|
Memory error March 02, 2011 01:15PM |
Registered: 4 years ago Posts: 62 |
We get a memory exhausted error using the standalone version.
It reports the memory was used up on this code block:
foreach ($elements as $i => $x) {
$elements[$i] = true;
if (empty($i)) unset($elements[$i]); // remove blank
}
On this line:
$elements[$i] = true;
Any ideas on things to check?
|
Re: Memory error March 02, 2011 05:00PM |
Admin Registered: 6 years ago Posts: 2,640 |
|
Re: Memory error March 02, 2011 06:59PM |
Registered: 4 years ago Posts: 62 |
|
Re: Memory error March 03, 2011 12:23PM |
Admin Registered: 6 years ago Posts: 2,640 |
|
Re: Memory error March 03, 2011 12:26PM |
Registered: 4 years ago Posts: 62 |
Hello,
Well we implemented it "application wide" for security purposes.
I read your documentation on speeding up HTML Purifier and I got a general sense that you do not recommend running "purify" on every output variable? I understand this may cause a slow down, but would it also cause this memory error?
I made sure that we only create one HTML purifier object and use it for all the purification.
|
Re: Memory error March 03, 2011 12:28PM |
Admin Registered: 6 years ago Posts: 2,640 |
Though HTML Purifier is kind of slow and uses lots of memory, its steady-state memory usage should not be more than 1M (I can, for example, run the test suite no problem with only 1M of memory). So if you are indeed seeing 32M being used up, something is off, or it's not HTML Purifier's fault (but we just happened to try to grab the last bit of memory :-)
|
Re: Memory error March 03, 2011 12:37PM |
Registered: 4 years ago Posts: 62 |
I did a simple test in the application.
With htmlpurifier+flashcompat+safeobject memory usage of a sample page in the application was 26.9M.
With htmlpurifier without those settings enabled, memory usage was 8.7M.
Is there any type of debug code I can enable or anything I can check?
Keep in mind this is with multiple calls to the purifier method. Here is our config:
$this->config = HTMLPurifier_Config::createDefault();
$this->config->set('Core', 'Encoding', CHARSET);
$this->config->set('HTML', 'Doctype', 'HTML 4.01 Transitional');
$this->config->set('Cache', 'DefinitionImpl', null);
$this->config->set('HTML', 'TidyLevel', 'none');
//$this->config->set('Output','FlashCompat',true);
//$this->config->set('HTML.SafeObject', true);
$this->config->set('HTML', 'AllowedElements', null);
$this->config->set('HTML', 'AllowedAttributes', null);
|
Re: Memory error March 03, 2011 12:39PM |
Admin Registered: 6 years ago Posts: 2,640 |
|
Re: Memory error March 03, 2011 03:19PM |
Registered: 5 years ago Posts: 204 |
Well we implemented it "application wide" for security purposes.

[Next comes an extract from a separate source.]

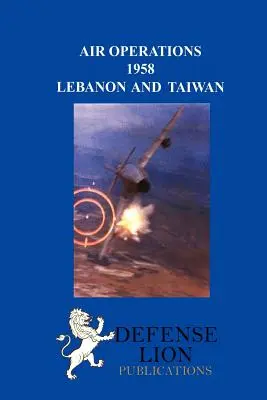 Operacje lotnicze 1958: Liban i Tajwan - Air Operations 1958: Lebanon and Taiwan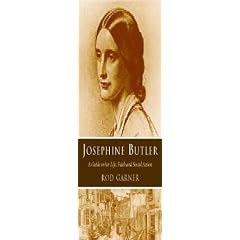 Josephine Butler: A Guide to Her Life, Faith and Social Action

exactly what do you mean by this & how are you using it?
an example of the HTML code that you are trying to purify will help to narrow it down.
I interpret your post as though you are purifying the whole page sourcecode itself before it's outputted to the browser.
|
Re: Memory error March 03, 2011 03:28PM |
Registered: 4 years ago Posts: 62 |
|
Re: Memory error March 03, 2011 03:49PM |
Registered: 5 years ago Posts: 204 |
ok :)
an example of the html that causes the memory jump would be required to see if we can replicate the issue.
personally from using the standalone & full package myself, i have found the standalone version to be less of a resource hog on the server.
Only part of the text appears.